You’ve heard about these super-funded investment property purchases, but did you know that you could structure these purchases in different ways? You can choose a structure to suit your circumstances to reflect your financial goals and resources. The list below, by no means an exhaustive list, takes you through some of the best and most common structures for making a SMSF purchase.
1. Direct Purchase
If your SMSF can fund 100 % of the property purchase price and all associated costs, then a direct purchase may be for you. There are no loans to arrange and there is no gearing. For obvious reasons the required outlay will be much higher than other purchase methods, and so may limit the number, range, and types of properties you can purchase. Consequently, while you may not be diversifying as much as you could, you are making savings through minimising transaction and purchase costs with this simple structure.
2. Installment Warrant
Purchasing your investment property by using an installment warrant means the title to the property is own by a “bare” trust (i.e. “custodian” or property trust) with the SMSF while obtaining a limited recourse plan. The SMSF is responsible for expenses such as the loan repayments to the lender, and receives all the rental income. If the trust is properly set up then when the loan is fully repaid, the title is transferred to the SMSF without any capital gains tax or stamp duty. Technically, this structure allows the SMSF to acquire the asset through a series of installment payments. If the SMSF defaults on the loan, then the lender has recourse to the underlying asset only, and not the other assets held by the SMSF.
3. Tenants in Common
Your SMSF can own a fixed percentage in a property with other party/ies owning the remaining percentage in the property. The title of the property cannot be used as security for gearing, although the other party can use borrowings as long as the security for the loan is another property and not the property being purchased. Investors can share the costs, expenses, and income accordingly.
4. Joint Venture
When you undertake a joint venture, you have a formal agreement to pursue a commercial project and to share in the returns from the venture. An option for SMSFs is to enter into a joint venture with a family trust to purchase a block land and then to build a house on the land. Once the building is complete, title over the property would be transferred to the joint venture partners according to their initial input. The SMSF and the family trust would then be tenants in common.
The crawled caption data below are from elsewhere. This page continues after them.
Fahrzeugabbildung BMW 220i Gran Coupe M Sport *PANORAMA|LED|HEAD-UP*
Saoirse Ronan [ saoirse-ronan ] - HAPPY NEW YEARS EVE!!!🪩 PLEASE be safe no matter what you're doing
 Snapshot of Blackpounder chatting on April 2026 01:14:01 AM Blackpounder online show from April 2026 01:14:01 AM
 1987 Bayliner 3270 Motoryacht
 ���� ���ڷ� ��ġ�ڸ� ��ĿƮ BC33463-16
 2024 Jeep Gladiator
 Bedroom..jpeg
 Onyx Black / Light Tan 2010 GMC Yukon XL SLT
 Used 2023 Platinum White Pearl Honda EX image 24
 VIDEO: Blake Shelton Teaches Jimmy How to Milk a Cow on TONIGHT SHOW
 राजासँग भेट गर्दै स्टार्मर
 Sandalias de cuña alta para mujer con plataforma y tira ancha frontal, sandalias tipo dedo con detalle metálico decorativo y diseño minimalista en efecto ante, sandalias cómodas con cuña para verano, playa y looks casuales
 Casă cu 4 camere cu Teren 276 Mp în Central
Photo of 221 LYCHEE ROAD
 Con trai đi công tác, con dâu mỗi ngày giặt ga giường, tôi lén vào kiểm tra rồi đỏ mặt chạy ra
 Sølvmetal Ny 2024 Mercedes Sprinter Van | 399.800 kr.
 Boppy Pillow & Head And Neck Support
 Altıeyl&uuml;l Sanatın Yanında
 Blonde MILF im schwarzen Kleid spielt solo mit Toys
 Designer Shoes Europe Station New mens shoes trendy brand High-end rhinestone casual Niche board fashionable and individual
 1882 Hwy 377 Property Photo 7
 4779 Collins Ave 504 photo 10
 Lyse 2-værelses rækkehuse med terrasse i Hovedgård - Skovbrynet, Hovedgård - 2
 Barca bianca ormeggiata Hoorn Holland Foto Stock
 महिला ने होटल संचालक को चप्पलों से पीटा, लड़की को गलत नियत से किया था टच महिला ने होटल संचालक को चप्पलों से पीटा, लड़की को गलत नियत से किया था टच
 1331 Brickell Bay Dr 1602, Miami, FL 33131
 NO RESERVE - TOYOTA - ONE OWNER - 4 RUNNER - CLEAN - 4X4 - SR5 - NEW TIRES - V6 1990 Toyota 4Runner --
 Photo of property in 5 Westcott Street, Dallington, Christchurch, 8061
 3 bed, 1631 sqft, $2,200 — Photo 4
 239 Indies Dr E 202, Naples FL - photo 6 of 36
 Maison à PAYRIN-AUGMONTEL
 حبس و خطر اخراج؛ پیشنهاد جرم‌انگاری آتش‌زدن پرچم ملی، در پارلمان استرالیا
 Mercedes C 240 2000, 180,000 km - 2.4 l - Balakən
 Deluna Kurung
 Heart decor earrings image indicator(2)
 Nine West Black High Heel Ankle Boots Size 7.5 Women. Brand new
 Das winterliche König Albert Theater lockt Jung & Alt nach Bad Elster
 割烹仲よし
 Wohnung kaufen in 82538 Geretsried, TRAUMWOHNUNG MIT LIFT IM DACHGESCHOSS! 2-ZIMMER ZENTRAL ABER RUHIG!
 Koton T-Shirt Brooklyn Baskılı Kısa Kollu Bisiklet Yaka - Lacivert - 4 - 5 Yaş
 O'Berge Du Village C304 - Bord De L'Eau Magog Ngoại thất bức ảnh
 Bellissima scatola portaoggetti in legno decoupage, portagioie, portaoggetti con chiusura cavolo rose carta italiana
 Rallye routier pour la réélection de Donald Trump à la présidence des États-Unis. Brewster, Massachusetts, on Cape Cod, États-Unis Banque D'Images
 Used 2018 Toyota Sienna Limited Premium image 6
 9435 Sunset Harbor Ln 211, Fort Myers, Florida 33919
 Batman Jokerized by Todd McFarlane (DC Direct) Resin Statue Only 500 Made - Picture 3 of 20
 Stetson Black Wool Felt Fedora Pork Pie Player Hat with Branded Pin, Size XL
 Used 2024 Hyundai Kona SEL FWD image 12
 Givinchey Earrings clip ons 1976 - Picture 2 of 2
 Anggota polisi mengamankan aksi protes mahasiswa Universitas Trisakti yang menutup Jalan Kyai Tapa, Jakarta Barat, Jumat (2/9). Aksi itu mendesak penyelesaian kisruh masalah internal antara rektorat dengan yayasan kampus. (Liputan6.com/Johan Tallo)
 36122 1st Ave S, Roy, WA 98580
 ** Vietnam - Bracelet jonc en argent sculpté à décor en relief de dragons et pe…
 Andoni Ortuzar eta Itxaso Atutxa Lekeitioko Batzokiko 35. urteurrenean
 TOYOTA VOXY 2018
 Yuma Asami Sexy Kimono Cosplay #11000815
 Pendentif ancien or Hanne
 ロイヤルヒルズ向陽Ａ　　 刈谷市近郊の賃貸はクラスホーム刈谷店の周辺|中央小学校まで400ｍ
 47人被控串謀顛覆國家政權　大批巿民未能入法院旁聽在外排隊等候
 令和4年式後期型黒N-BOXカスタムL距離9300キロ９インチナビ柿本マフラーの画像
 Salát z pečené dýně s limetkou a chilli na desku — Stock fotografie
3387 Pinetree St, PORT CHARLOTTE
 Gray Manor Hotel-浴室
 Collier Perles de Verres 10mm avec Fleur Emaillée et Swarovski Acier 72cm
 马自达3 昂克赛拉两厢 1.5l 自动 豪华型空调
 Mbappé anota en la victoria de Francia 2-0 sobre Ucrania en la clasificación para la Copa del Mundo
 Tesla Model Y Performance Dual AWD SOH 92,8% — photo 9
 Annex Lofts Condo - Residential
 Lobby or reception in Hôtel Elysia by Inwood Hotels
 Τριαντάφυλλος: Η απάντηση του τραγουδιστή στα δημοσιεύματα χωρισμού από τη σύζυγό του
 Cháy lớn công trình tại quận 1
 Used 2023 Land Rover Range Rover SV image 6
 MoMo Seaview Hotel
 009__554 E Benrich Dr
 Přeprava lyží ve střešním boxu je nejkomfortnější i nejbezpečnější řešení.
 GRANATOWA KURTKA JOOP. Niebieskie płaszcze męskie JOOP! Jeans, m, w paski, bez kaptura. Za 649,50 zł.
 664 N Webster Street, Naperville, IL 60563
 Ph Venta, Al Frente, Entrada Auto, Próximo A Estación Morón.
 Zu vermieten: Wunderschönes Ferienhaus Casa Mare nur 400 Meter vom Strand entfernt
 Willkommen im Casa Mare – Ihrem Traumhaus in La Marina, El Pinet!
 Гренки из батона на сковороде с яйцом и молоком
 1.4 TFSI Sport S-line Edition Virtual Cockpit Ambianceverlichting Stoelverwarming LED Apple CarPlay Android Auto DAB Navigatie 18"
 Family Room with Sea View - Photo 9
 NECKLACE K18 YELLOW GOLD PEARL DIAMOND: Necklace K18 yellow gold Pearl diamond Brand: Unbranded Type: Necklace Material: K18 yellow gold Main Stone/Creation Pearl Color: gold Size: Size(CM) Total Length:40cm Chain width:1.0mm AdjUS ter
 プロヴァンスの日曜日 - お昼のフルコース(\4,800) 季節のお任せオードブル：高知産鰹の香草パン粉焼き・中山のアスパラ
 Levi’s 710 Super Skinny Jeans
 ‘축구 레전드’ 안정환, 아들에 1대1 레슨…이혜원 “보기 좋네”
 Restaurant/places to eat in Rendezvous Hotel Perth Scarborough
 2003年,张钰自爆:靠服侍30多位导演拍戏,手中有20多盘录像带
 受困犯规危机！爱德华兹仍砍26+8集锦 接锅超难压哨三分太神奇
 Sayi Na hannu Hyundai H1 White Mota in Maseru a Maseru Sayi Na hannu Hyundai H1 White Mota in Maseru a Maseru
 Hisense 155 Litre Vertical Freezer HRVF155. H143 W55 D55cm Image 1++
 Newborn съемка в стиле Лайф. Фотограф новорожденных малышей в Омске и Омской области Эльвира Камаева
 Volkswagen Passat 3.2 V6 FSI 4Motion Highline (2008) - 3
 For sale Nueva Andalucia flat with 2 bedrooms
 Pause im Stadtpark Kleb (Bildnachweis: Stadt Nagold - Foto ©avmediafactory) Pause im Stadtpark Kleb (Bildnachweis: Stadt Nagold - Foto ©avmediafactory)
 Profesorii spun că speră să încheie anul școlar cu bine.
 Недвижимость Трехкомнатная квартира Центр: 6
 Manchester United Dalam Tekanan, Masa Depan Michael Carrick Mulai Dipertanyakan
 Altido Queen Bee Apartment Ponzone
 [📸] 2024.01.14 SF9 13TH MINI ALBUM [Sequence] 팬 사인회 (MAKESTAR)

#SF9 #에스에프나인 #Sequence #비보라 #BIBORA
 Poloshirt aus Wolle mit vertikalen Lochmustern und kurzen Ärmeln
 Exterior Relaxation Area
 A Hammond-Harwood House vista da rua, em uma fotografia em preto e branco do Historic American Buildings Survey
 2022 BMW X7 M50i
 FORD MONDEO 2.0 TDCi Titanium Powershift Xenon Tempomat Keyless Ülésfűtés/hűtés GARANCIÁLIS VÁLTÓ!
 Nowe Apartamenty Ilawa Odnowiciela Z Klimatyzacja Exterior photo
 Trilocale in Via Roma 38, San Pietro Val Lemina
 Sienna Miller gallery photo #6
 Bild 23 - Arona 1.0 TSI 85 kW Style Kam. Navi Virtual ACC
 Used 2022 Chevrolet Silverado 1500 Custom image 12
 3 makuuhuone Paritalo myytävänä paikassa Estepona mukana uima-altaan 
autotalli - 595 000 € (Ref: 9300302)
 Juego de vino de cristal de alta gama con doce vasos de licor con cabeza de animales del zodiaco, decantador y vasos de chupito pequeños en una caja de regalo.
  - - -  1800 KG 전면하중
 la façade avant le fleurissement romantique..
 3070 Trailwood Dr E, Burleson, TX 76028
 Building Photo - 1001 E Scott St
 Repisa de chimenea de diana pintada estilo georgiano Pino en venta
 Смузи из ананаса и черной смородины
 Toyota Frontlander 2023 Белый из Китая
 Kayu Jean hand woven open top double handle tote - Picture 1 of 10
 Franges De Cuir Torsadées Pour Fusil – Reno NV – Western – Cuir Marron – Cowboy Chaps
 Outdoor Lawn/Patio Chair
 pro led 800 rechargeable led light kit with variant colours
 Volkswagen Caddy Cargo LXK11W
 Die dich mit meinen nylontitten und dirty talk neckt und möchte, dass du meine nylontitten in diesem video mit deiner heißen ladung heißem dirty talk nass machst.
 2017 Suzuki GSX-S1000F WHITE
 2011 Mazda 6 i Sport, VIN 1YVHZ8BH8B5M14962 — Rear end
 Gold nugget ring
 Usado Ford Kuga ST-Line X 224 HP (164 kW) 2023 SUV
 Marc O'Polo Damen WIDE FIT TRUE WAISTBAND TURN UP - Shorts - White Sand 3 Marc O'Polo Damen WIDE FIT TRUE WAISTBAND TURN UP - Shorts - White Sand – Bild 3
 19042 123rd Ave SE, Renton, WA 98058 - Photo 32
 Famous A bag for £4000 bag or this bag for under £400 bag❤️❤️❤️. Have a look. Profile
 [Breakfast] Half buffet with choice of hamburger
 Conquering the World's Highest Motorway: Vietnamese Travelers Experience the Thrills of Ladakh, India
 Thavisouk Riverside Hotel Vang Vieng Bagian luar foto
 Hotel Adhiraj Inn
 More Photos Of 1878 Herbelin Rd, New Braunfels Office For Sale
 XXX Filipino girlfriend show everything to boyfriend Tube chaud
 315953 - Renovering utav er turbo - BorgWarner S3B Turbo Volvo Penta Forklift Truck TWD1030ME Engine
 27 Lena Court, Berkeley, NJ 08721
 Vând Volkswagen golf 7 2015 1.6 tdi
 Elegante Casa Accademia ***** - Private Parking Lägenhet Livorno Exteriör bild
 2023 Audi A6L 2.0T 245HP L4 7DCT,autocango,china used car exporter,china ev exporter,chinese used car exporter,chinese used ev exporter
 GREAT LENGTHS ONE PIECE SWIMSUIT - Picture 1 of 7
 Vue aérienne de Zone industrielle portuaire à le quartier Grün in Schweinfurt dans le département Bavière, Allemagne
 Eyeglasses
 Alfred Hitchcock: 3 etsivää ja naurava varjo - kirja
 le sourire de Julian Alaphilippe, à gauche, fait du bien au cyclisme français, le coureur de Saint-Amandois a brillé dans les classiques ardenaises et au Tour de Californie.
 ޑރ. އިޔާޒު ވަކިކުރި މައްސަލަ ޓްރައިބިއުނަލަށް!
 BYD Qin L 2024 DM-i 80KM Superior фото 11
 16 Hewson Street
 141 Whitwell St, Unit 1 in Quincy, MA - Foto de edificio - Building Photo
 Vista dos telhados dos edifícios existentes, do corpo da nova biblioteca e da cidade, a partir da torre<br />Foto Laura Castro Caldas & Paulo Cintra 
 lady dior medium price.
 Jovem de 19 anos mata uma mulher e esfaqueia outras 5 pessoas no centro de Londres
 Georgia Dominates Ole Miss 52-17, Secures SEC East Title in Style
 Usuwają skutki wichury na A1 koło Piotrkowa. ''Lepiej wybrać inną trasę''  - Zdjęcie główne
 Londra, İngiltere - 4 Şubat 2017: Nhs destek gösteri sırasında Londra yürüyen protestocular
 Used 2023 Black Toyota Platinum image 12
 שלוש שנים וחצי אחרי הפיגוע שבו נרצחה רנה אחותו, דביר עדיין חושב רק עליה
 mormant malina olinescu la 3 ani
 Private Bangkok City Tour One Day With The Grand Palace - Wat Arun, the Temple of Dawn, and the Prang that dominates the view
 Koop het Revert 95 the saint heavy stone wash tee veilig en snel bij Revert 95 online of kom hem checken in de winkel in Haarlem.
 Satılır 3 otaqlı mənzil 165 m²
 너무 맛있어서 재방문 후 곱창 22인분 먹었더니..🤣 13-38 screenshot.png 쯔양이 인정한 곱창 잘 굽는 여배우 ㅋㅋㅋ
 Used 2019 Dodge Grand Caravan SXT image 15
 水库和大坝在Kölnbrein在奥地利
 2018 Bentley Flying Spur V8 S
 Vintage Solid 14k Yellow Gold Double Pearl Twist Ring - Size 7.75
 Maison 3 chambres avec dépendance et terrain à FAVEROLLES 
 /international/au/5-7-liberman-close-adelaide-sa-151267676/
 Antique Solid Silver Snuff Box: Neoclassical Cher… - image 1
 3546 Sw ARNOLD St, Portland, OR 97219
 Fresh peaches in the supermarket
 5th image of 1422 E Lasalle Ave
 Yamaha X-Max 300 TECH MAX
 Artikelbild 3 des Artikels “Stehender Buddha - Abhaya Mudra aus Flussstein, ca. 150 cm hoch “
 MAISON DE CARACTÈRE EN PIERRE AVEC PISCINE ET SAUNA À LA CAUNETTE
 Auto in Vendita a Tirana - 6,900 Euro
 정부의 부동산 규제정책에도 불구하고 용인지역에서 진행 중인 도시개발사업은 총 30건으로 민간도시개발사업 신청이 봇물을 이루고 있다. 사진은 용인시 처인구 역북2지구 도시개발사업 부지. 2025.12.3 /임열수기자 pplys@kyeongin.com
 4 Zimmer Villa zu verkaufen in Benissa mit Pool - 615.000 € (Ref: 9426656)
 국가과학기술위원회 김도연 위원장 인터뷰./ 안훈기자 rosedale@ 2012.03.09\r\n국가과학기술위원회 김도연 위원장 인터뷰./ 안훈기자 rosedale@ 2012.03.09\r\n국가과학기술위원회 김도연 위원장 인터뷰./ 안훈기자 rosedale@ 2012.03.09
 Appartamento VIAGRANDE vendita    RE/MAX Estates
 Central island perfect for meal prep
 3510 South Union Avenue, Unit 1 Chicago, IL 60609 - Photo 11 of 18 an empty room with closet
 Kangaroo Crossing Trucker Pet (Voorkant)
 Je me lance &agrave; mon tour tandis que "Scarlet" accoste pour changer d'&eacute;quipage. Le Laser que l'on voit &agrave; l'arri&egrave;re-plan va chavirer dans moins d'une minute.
The advantage of joint ventures for SMSFs is that they allow SMSFs to be involved in property development without actually formally carrying on the business of property development. However, the outcome must be shared by the joint venture partners, such as the rental income from the property rather than sale proceeds of the completed development.
Joint ventures are complex undertakings and professional advice should be obtained before parties make any commitments.
5. Unit Trust
SMSFs can also purchase property by buying units in a fixed or unit trust with other parties. The monies can then be pooled to purchase an investment property. Unit trusts can issue units with different types of rights on issues such as sharing of income, entitlements to capital profits or gains. This allows for greater flexibility and advantages for longer term investment strategies.
The target property cannot be used as security for borrowing, though the other investors, with the exception of the SMSF, can borrow to fund their share of the purchase so long as they do not use the property to be purchased as security for their loan. The exception to this rule applies where there is no party or a group of related investors who hold a controlling interest in the trust (more than 50%). In this situation, the unit trust can use the underlying property to secure their loan.